Anyway, we got there early because it was a small theater with general seating and I wanted to get a good spot — I wanted to be close enough so that we could see and hear everything, but no way in hell was I going to sit in the first row. Anyway, we got there early enough that we got great seats in the third row, but the show ended up starting late because a bunch of deadbeat audience members came in late. Grrrrrr …
So the show started, and it was a really great experience. It was even more of a roller coaster ride than the podcast, perhaps in part because this time it wasn’t just me (and Lili the producer) laughing or groaning or gasping as we reacted to his stories, but a whole room full of 40-50 people laughing or groaning or gasping along.
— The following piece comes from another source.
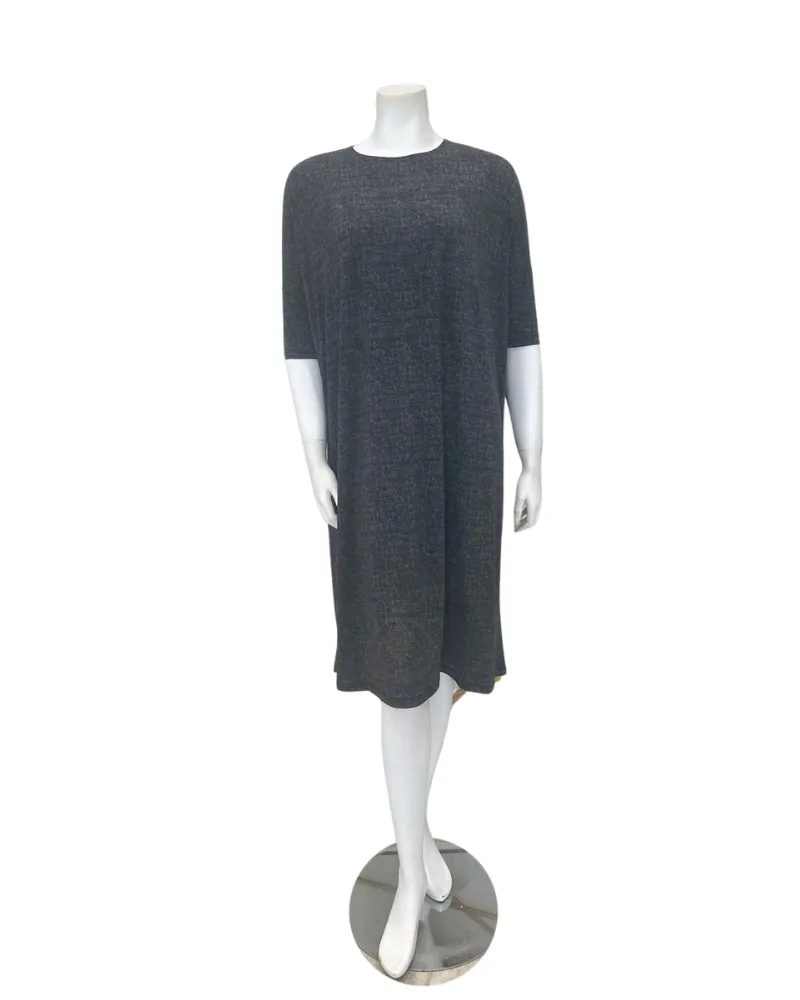 Jackie O'Loungewear Black Denim Swim Cover Up Dress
I periodically checked to see how my boyfriend was reacting, and he was laughing and groaning in all the right places so we were definitely on the same wavelength. Mike didn’t spend as much time on the subjects he’s been discussing on the podcast recently (his weight, his wife, and his job), but spent more time talking about his childhood and his family. And Hoo-Boy, those were some amazing / funny / gutwrenching stories.
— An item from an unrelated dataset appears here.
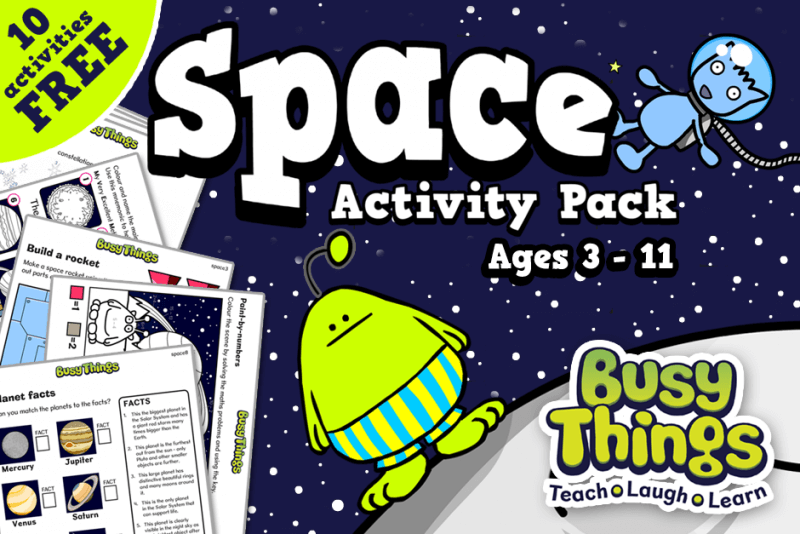 Space Activities for Children - FREE Space Activity Pack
So he’s just started telling a story about his older brother. We know in our hearts that we must be in the final section of the show, because he’s been telling us that he was GOING to tell us about his older brother all along. We’re invested in this story — we’ve been following the ups and downs all along, and even though the story just started we know that it’s probably going to be a doozy.
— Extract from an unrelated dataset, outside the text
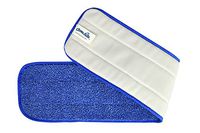 CleanAide All Purpose Twist Yarn Microfiber Mop Pad 24 Inches Blue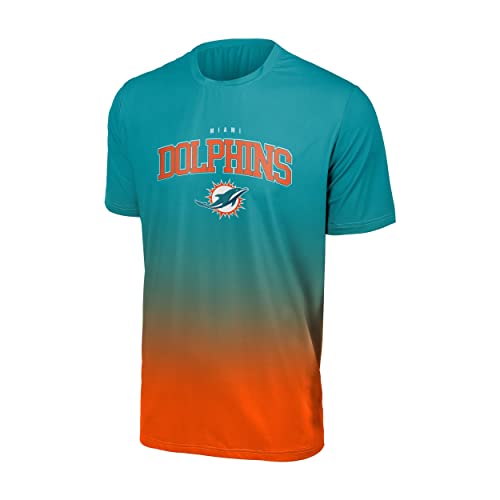 Foco Miami Dolphins NFL Gradient Mesh Jersey Short Sleeve Herren T-Shirt - L von Foco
And then the theater door opens. It’s the people for the 10:00 show who’ve been waiting impatiently to come in.
No one told Mike that there was going to be a 10:00 show in the same theater.
He still has 20 minutes left in the story.
So after a few minutes of intense friendly/hostile negotiations, they decided that he would go back to the lounge where we came in and finish the show there. We all applauded this decision, got up and walked back down the hall to the lounge area, stopping to use the restrooms and get some drinks. Mike showed up a few minutes later, we all applauded again, and then we all stood there, packed like sardines in that tiny room, and listened spellbound to the end of the story.
It was an amazing experience. I’ve never felt such strong communal ties between myself and the other members of the audience before. I think if he’d suggested we finish the show out on the sidewalk or at a bar down the street, we all would have followed him wherever he told us to go. We just HAD to hear the end of that story. We were emotionally invested in this show. We needed closure before we went back to our regular, ordinary, not-nearly-so-dramatic lives.
Anyway, go check out The 40-Year-Old Boy podcast. I’m guessing that the next episode will DEFINITELY be a doozy. And if Success is Not an Option comes to your town, DON’T miss it!